Moody’s Investors Service has placed Garda World Security’s $750-million of debt under review for possible downgrade following a proposal to take the company private.
The Montreal-based company announced a $1.1-billion transaction Friday with a subsidiary of private equity firm Apax Partner to take the cash logistics and security firm private.
Under review are Garda’s B1 corporate family rating, B1 probability of default rating, B2 senior unsecured notes ratings, and the Ba1 senior secured bank facilities ratings of Garda’s subsidiary, Garda Security Group Inc.
The company’s speculative grade liquidity rating was affirmed at SGL-3.

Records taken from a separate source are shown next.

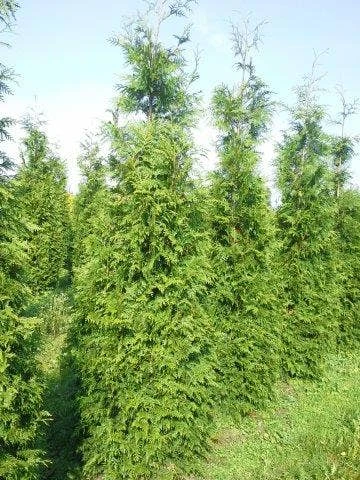 Levensboom (Thuja Plicata 'Martin') 12 Levensboom (Thuja Plicata 'Martin') - Afbeelding 10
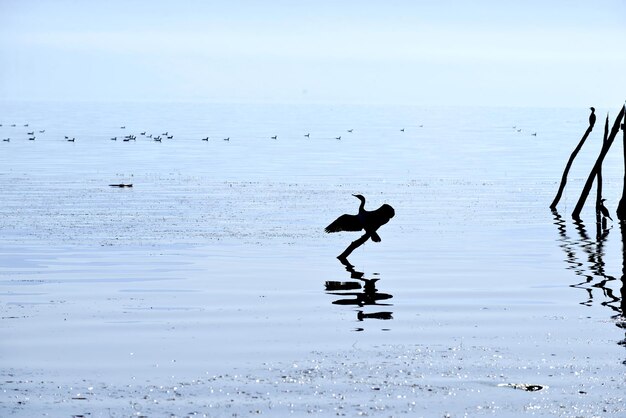 Silhouette de cormorans en train de bronzer sur une bûche dans une image d'un lac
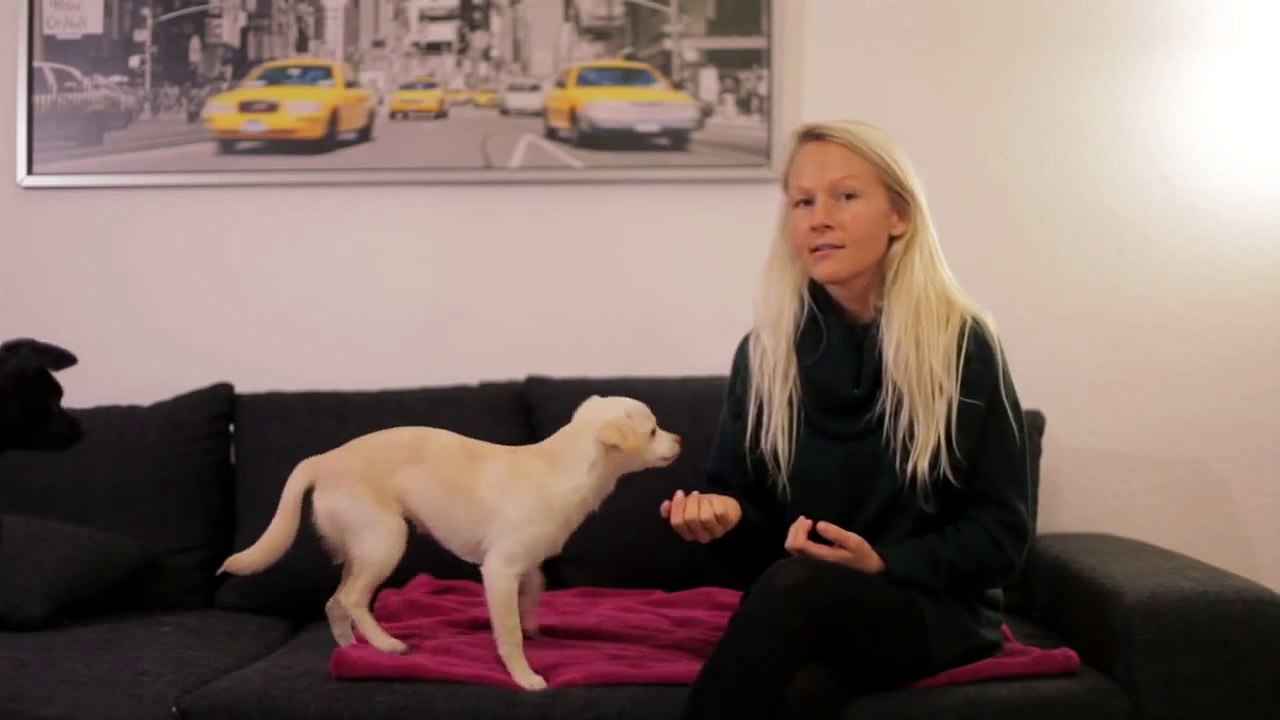 Tiere sind kein Geschenk zu Weihnachten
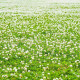 White clover seeds «Rivendel»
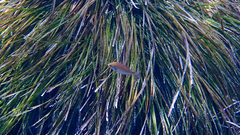 Spondyliosoma cantharus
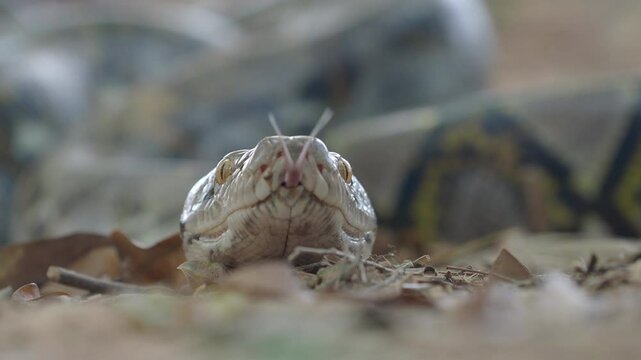 Python crawling on the ground in the forest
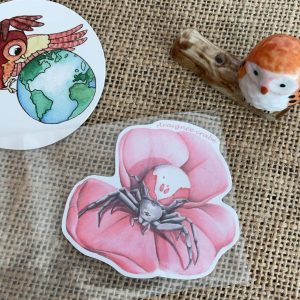 Sticker naturaliste, l'araignée crabe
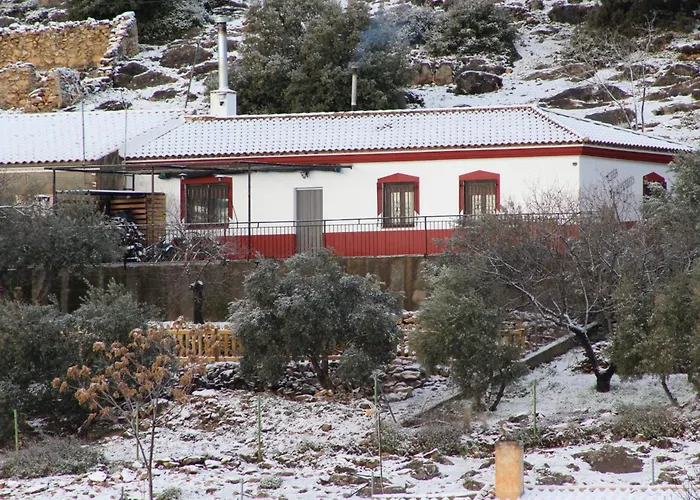 El Almendro de Fuentes Nuevas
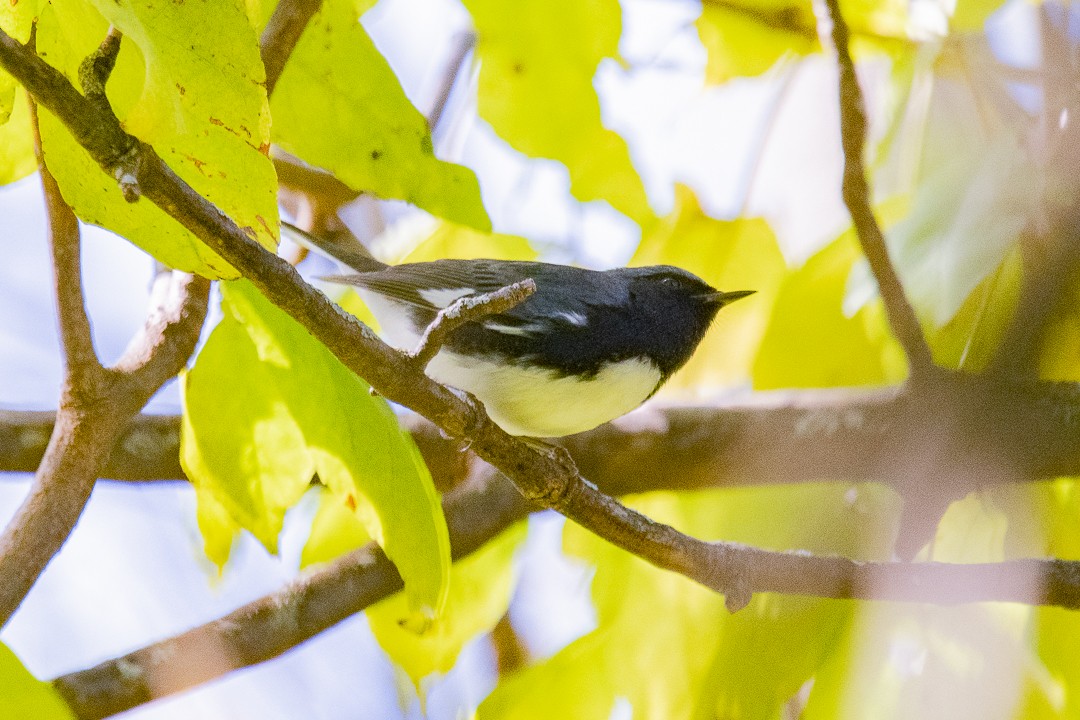 Black-throated Blue Warbler - ML642122588
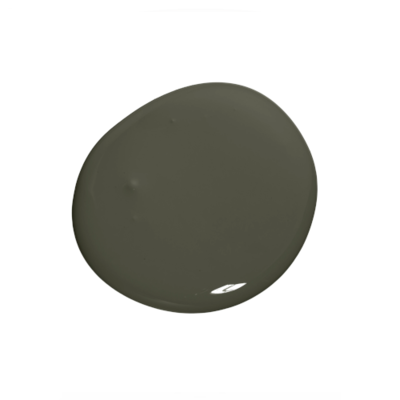 Colourtrend  Weather -  Natterjack 100ml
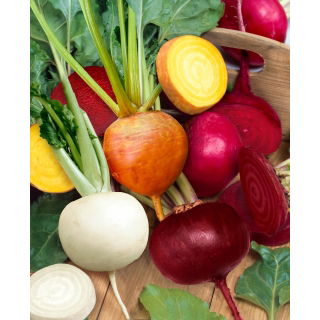 Burak ćwikłowy - mieszanka kolorowych odmian - NASIONA OTOCZKOWANE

Moody’s said its review will focus on potential changes to Garda’s capital structure, its appetite for acquisitions as a private company, and the impact the transaction will have on its liquidity.
“Garda’s ratings could be downgraded if Moody’s determines that Garda’s initial leverage would increase materially or if a shift in the company’s acquisition strategy were to hinder its ability to deleverage,” it said in a new release.
The ratings agency said it would require the company to provide “sufficient financial information” in order for the ratings to be maintained, even if the transaction closes following a shareholder vote in October.
Meanwhile, Martin Landry of GMP Securities called the transaction “opportunistic” given Garda’s accelerating growth.
“While investors were still discounting Garda’s valuation due to its high leverage, the company’s operations definitely had some momentum,” he wrote in a report.
The company reported the highest EBITDA earnings growth in four years and stronger organic revenue growth in more than five years.
Without the takeout offer, Mr. Landry said he would have expected Garda’s share price to have performed well and profits to continue growing by at least double digits.
Mr. Landry increased his target price by 50 cents to match the $12 offer price.
Chief executive officer Stephan Cretier said Friday that small-cap companies with lots of debt such as Garda have not been favoured by public investors. The company wants to continue growing through acquisitions.
Mr. Landry changed his rating to tender, saying the consortium’s offer represents full value given the low likelihood of competing bids.
“However we are doing this in a reluctant way knowing that the outlook for Garda seems brighter than ever.”
Garda provides cash logistics, including armoured cars in Canada and the United States, pre-screening at 28 Canadian airports, and physical security around the world.